### INPUT FOR THIS TASK
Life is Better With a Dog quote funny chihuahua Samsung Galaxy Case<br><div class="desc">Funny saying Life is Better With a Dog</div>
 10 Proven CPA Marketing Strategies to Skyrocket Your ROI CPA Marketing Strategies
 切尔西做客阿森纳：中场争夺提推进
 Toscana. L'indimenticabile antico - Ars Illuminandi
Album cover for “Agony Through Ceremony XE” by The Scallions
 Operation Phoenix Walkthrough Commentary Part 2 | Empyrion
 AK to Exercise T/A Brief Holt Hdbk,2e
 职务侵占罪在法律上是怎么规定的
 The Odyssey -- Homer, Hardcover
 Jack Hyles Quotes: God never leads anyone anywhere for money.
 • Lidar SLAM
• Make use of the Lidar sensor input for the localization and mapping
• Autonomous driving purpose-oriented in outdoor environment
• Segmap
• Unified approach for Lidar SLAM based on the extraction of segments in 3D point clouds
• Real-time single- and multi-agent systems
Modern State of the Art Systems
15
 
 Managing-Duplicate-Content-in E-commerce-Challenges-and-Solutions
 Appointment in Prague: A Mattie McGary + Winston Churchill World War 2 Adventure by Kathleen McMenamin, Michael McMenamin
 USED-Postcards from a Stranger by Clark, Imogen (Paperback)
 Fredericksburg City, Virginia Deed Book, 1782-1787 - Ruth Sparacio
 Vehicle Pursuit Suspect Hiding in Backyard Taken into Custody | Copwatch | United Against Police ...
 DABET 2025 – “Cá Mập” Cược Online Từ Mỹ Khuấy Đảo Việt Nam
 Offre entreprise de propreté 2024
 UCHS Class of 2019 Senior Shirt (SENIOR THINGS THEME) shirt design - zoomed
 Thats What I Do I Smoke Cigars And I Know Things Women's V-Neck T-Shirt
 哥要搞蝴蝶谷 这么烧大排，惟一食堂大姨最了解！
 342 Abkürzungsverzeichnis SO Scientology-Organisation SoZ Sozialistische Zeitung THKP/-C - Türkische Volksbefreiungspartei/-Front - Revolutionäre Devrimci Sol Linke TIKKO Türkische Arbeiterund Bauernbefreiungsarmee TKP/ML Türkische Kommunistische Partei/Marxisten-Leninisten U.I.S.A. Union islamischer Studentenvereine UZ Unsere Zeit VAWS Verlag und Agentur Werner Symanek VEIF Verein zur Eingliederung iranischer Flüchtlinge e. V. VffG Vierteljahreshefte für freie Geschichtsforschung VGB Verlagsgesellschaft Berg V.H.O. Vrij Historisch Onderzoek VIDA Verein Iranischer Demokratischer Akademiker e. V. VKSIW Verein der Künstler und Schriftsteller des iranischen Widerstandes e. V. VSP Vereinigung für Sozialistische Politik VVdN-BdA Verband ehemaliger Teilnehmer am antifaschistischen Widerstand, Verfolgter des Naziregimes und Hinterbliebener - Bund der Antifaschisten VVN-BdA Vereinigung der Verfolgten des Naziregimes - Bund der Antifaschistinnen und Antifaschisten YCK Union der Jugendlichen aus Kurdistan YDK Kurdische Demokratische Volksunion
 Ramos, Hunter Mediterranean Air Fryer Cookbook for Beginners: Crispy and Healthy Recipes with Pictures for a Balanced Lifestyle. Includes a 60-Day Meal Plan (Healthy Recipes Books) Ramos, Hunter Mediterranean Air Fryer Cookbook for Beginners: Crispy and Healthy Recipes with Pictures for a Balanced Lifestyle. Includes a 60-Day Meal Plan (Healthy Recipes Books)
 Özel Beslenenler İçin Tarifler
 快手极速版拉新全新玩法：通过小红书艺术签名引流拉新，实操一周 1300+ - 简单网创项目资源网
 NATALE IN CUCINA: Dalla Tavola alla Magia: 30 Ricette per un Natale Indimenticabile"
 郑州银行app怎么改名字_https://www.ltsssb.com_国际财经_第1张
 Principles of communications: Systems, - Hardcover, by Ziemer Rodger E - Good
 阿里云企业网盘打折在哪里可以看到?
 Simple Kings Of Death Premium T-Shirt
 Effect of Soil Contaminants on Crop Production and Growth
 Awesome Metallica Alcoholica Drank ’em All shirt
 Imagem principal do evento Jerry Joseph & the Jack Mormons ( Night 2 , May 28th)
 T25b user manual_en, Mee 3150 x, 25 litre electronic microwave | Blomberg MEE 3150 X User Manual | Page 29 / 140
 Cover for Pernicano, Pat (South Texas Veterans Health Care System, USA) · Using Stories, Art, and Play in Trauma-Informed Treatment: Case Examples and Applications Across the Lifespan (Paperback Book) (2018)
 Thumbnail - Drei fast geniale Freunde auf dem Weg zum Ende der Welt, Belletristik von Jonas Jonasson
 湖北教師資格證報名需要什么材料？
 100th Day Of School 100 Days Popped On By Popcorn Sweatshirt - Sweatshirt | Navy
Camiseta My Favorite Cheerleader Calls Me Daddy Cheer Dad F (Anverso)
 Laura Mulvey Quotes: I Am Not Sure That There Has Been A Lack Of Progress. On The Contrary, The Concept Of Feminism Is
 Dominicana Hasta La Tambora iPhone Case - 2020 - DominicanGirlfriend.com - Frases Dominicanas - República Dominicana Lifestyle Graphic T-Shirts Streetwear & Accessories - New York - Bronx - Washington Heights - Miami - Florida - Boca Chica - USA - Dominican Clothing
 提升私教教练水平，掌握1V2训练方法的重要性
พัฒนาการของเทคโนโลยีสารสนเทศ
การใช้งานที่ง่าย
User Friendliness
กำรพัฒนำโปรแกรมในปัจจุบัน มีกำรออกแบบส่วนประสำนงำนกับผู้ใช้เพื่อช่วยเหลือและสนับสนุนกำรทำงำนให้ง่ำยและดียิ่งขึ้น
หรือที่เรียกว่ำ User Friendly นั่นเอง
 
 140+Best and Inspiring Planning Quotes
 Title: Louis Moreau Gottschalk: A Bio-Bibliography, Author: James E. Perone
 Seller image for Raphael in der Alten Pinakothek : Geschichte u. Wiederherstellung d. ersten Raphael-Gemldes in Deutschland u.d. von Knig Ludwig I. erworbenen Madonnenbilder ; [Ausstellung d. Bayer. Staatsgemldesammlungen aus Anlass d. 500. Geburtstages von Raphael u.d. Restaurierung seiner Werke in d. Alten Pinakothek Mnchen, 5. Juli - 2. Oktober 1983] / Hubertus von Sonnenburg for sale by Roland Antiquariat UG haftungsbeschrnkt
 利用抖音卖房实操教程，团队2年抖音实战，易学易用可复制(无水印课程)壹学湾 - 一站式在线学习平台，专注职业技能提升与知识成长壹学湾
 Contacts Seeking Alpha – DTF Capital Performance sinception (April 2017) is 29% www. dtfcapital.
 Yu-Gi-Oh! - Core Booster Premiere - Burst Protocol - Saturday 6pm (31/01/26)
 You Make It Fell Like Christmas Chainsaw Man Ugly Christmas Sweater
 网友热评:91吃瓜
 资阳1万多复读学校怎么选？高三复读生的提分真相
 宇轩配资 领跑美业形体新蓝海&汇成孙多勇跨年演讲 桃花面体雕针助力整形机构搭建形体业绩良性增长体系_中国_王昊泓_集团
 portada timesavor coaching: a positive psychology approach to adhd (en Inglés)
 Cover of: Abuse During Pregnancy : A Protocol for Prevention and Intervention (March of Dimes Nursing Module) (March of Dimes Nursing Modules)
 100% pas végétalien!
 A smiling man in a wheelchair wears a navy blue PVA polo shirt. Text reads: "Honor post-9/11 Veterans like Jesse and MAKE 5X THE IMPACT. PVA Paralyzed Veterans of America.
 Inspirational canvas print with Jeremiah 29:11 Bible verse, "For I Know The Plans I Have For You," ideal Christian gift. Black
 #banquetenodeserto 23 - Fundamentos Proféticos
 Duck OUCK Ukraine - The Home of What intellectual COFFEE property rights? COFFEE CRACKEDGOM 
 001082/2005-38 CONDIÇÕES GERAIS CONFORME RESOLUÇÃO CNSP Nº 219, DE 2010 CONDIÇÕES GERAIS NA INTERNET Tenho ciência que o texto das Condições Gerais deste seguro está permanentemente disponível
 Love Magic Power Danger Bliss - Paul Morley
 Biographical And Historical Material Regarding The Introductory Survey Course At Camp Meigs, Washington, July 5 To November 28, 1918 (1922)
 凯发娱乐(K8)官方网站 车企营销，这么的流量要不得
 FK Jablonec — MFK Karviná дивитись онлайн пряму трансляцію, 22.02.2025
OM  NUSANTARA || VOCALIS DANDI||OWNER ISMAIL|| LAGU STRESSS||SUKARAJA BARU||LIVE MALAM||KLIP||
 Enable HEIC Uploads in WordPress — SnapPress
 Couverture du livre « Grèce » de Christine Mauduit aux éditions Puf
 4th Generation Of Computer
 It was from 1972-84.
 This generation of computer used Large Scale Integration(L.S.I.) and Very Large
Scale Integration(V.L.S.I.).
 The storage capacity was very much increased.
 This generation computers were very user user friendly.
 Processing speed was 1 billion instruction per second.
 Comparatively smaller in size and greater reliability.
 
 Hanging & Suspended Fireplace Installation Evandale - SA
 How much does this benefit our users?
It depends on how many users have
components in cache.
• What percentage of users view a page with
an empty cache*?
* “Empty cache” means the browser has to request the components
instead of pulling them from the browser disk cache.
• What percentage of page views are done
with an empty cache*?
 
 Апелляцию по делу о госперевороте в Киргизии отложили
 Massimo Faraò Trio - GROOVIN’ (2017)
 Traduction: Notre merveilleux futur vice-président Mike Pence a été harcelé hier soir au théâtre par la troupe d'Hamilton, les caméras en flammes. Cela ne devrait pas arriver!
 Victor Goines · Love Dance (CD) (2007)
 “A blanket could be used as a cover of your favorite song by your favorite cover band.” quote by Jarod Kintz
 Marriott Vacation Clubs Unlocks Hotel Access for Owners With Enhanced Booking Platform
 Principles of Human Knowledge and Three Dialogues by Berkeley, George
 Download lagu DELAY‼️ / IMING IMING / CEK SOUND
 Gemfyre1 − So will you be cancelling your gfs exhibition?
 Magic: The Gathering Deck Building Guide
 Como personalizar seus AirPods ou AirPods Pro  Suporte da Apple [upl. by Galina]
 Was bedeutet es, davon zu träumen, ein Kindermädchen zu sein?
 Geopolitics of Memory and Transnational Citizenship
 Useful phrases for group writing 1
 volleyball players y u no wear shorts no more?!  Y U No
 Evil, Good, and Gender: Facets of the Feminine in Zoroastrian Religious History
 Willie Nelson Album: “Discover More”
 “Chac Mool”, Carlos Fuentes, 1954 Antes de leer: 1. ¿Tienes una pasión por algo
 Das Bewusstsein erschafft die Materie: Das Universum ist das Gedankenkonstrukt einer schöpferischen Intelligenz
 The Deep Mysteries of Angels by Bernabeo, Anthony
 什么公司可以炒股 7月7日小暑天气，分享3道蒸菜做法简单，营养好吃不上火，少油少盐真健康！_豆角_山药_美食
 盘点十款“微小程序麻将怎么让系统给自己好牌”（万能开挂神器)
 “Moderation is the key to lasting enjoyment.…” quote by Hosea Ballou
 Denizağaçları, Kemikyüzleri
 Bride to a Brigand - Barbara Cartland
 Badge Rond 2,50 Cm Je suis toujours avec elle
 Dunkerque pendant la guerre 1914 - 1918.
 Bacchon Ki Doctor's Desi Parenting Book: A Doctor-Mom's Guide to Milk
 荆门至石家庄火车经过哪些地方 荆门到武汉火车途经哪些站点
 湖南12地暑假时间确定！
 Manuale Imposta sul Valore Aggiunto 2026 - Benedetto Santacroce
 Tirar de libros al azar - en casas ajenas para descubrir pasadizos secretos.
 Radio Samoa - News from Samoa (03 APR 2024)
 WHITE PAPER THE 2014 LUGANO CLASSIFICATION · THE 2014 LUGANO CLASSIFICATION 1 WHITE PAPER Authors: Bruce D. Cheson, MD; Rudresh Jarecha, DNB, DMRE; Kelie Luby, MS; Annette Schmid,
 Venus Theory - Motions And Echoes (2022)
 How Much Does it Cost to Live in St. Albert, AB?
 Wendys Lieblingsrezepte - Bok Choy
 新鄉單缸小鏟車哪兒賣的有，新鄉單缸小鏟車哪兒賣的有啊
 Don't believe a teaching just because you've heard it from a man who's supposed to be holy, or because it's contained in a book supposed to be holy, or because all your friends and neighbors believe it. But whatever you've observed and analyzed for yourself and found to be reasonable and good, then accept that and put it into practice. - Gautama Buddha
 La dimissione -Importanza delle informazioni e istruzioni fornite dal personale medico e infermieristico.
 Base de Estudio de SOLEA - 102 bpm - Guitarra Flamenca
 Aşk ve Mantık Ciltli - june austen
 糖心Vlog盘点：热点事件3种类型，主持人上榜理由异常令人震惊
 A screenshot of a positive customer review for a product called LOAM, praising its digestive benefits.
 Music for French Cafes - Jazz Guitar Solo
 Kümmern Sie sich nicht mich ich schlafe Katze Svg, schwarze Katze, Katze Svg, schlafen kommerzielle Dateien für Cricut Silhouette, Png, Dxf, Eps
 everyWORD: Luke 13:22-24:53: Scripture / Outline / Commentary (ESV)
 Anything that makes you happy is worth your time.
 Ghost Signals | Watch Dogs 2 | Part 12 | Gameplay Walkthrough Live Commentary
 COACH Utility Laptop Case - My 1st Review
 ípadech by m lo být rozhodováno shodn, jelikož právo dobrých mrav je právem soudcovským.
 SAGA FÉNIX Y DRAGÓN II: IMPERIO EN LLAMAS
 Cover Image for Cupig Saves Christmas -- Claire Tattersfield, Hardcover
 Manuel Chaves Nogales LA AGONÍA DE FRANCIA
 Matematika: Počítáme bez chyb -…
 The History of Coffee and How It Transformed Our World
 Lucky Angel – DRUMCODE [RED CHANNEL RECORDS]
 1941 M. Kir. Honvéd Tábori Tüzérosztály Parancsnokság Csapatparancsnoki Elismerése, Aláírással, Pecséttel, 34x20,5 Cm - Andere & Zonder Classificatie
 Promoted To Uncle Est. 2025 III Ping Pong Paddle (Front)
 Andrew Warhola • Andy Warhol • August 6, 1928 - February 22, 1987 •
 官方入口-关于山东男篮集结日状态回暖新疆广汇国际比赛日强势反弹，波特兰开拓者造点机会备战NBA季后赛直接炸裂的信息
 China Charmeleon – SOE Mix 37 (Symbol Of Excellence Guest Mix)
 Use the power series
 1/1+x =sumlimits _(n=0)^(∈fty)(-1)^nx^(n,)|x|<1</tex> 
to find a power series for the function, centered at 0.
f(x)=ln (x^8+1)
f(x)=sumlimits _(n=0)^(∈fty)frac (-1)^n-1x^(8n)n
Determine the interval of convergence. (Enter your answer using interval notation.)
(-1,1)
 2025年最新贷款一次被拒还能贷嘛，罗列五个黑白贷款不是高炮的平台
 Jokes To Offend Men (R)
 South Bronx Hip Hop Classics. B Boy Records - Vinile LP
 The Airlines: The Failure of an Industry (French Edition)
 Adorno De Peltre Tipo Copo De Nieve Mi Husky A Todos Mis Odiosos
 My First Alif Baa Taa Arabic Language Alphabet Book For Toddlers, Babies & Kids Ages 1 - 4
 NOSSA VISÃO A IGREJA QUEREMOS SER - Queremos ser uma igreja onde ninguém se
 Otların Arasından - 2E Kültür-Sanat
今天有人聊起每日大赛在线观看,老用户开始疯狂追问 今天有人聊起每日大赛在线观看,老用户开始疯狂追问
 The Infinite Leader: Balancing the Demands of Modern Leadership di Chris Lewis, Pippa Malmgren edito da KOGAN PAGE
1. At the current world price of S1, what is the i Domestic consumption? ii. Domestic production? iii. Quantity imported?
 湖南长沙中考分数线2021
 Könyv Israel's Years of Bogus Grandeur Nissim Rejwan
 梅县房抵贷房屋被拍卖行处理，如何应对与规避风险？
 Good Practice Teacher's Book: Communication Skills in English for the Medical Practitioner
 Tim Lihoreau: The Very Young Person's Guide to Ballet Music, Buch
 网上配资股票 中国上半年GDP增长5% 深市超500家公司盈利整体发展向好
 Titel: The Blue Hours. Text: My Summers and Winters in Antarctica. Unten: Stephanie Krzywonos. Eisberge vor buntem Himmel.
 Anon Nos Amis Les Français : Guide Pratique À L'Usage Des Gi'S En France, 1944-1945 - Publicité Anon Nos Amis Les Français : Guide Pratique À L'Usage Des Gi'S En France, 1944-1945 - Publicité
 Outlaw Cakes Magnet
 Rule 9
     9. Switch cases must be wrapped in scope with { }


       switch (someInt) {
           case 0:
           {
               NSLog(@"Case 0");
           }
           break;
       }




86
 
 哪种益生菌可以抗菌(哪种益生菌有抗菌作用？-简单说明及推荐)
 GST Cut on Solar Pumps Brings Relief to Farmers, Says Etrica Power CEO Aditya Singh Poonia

### ASSIGNED TASK
Restate word for word the entries above from the line with "Books) Ramos, Hunter" through the line with "NATALE IN CUCINA: Dalla", inclusive, leaving out everything else.

### SOLVED PROBLEM
 Ramos, Hunter Mediterranean Air Fryer Cookbook for Beginners: Crispy and Healthy Recipes with Pictures for a Balanced Lifestyle. Includes a 60-Day Meal Plan (Healthy Recipes Books) Ramos, Hunter Mediterranean Air Fryer Cookbook for Beginners: Crispy and Healthy Recipes with Pictures for a Balanced Lifestyle. Includes a 60-Day Meal Plan (Healthy Recipes Books)
 Özel Beslenenler İçin Tarifler
 快手极速版拉新全新玩法：通过小红书艺术签名引流拉新，实操一周 1300+ - 简单网创项目资源网
 NATALE IN CUCINA: Dalla Tavola alla Magia: 30 Ricette per un Natale Indimenticabile"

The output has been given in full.